Monday, March 10, 2014

Tesla by Mark Lingane

Author: Mark Lingane
Publisher: Insync Holdings Pty Ltd 
Pages: 280
Release Date: January 1st, 2014
Source: Received free from the author in exchange
for an honest review.

One thousand years in the future, nuclear war has wiped out much of civilization in the northern hemisphere. The planet has slowly been getting hotter and water is becoming a rare resource. Out of the ruins of a civilization that has collapsed in on itself, have arisen a new breed of people - those with the power to control magnetism.

Seb, a young orphan boy from a quiet rural town, is being hunted by strange part-machine, part-human people. His only hope is Melanie, an angry, dying teenage girl who is dragged into the adventure and sets out to deliver him to the Steam Academy, even if it’s just to stop him talking. Seb must confront an unknown past and fight against everything he believed in. And occasionally wash his hair.

Tesla by Mark Lingane, is a creative novel that crosses genre boundaries to create a compelling and engaging read. Steampunk, cyberpunk, dystopian and urban fantasy mingle together in this novel, and as a reader I was impressed by the results. While some elements may be difficult for younger readers to engage in (as we engage more in the Tesla's abilities the 'science talk' gets a little heavy), I think this novel was worth the read and it will be interesting to see what future books hold. 

Described as "Cyberpunk vs. Steampunk", Tesla follows young Seb, who is an orphan who is being hunted by part-human, part-machine monstrosities. The only hope he has is to get to Steam Academy, with the assistance of those he meets along the way including Melanie, an angry dying teenager who is dragged into his adventure. In a world where a new breed of people who can control magnetism exists, and water is a rare resource, even the safety of this school may be in jeopardy. 

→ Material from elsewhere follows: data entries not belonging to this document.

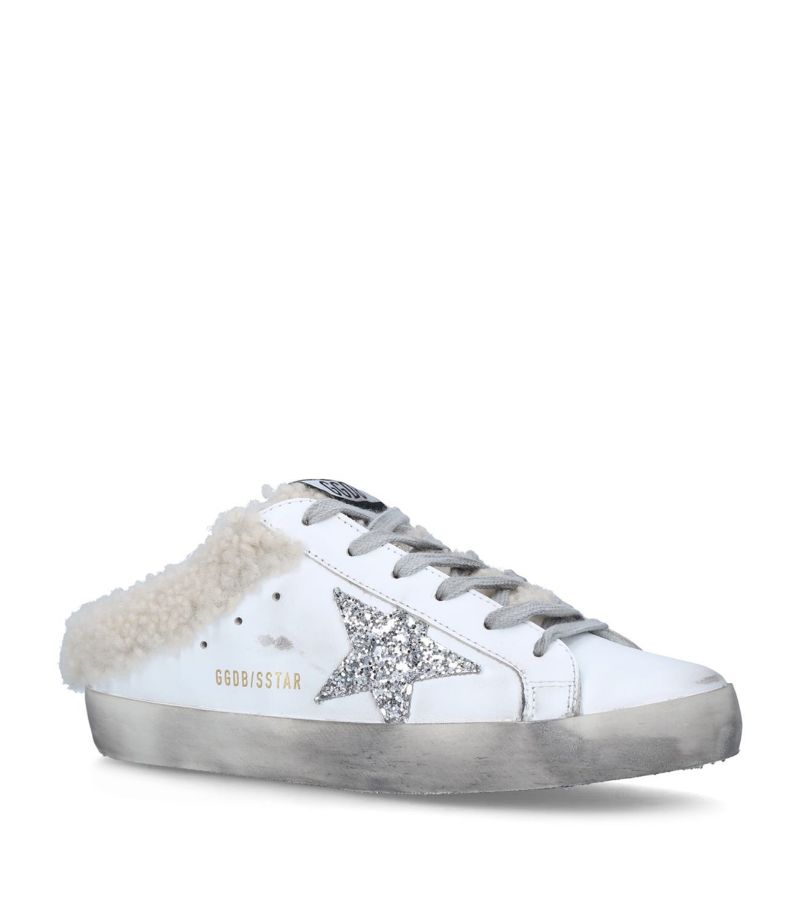 Golden Goose Golden Goose Shearling Superstar Slip-On Sneakers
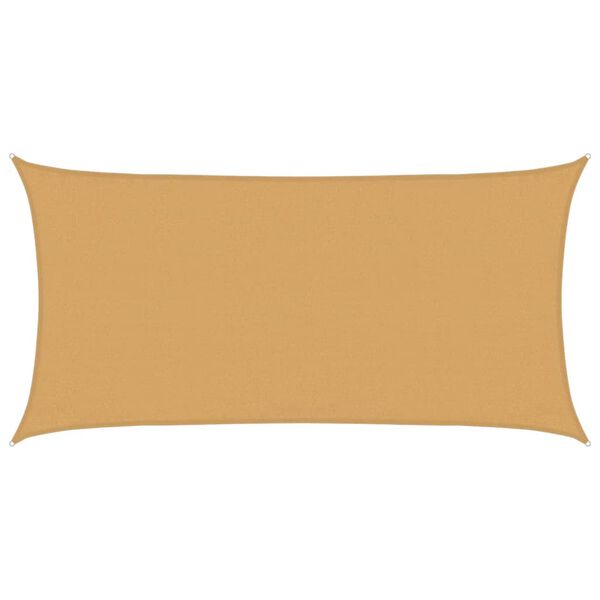 vidaXL Tieniaca plachta 160 g/m&sup2; obdĺžnikov&aacute; pieskov&aacute; 3x6 m HDPE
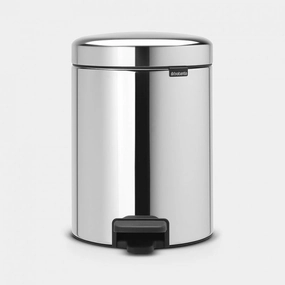 brabantia Newicon Pedal Bin 5L in Brilliant Steel bathroom essentials,bathroom accessories,bathroom set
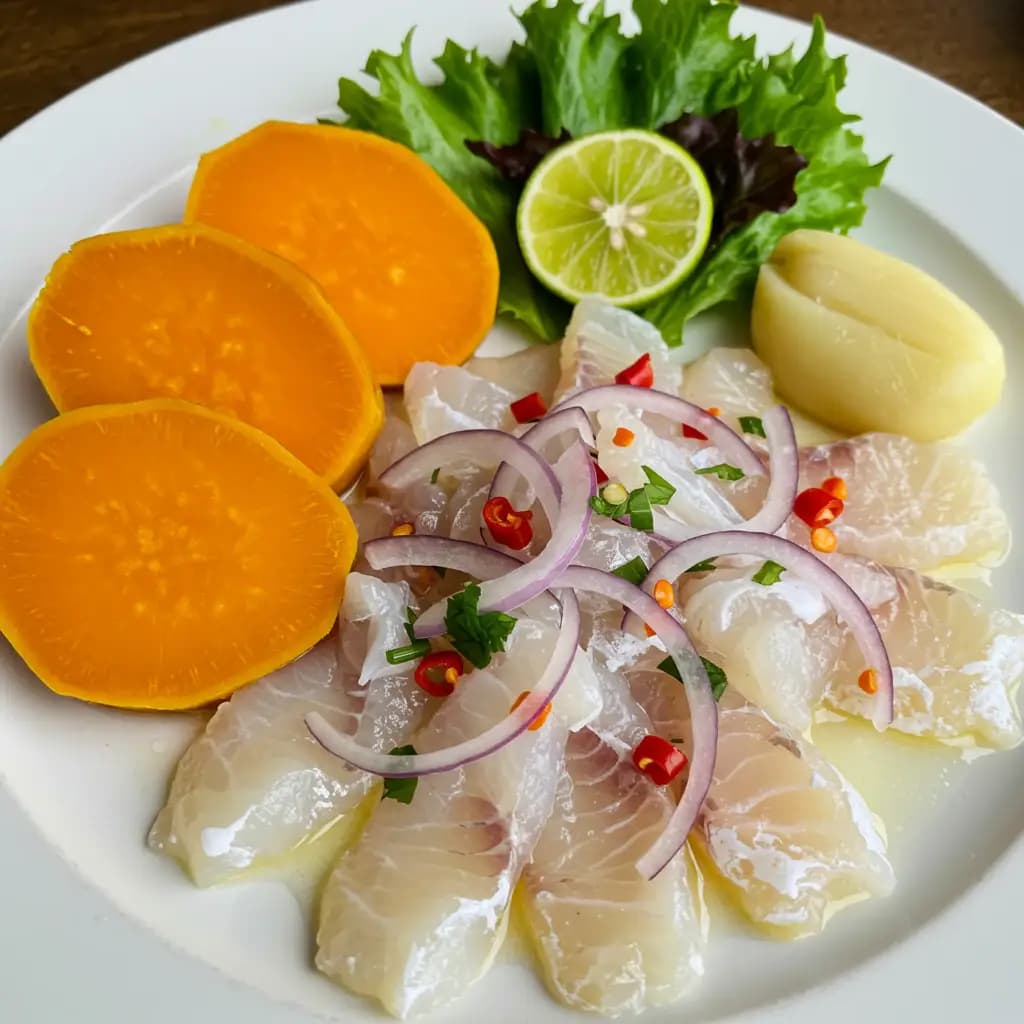 Receita de Ceviche Peruano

In the beginning, I was really drawn into Sebastian's world. While he is a young protagonist (twelve, almost thirteen according to him), the story itself read a bit older which would match the teen audience. Sebastian is curious and courageous, and he takes whatever happens in stride. There are a few times this feels a little too easy for him, but the way Seb was written didn't make me question it much. It felt believable in the end. 

Melanie was a nice addition to the story, although there were times she felt less developed as a character. She seemed so strong at the start, then she was gushing over Gavin and we start to loose her. Isabel felt like two different characters at times, and I wish we saw a bit more transition from the motherly figure we saw to the 'warrior' sort of character near the end. Transitions were a problem in general with this book though, and it was like taking a really nice walk with a rock in your shoe. There is a lot of nice scenery, but that darn rock just keeps jabbing.

While you're reading, Scenes cut off at unexpected places, and the transitions just don't feel smooth for some reason. While the prose is vivid and engaging, scene changes can feel a bit staggering if you aren't prepared for them. There are also some scenes that were just generally confusing. Merv, Marv, Shiela, Sherl...that whole troop felt like it was meant to be a bit too comical and maybe it could have been toned down a bit. The same thing happened when the Oliver Twist "I want some more!" moment pops up later in the book. I'm not sure if it was the location in the story, how it was written, or just my personal taste but I felt confused by those passages. 

The science talk could also be a bit heavy for someone who isn't into that sort of thing. In some ways we drifted into sci-fi with the facts and the actual control of the magnetic fields and such. I didn't mind too much, but I feel it's worth noting in case someone doesn't like that sort of thing. 

Overall, Tesla was a fun adventure, and certainly one of the more creative novels I've read lately.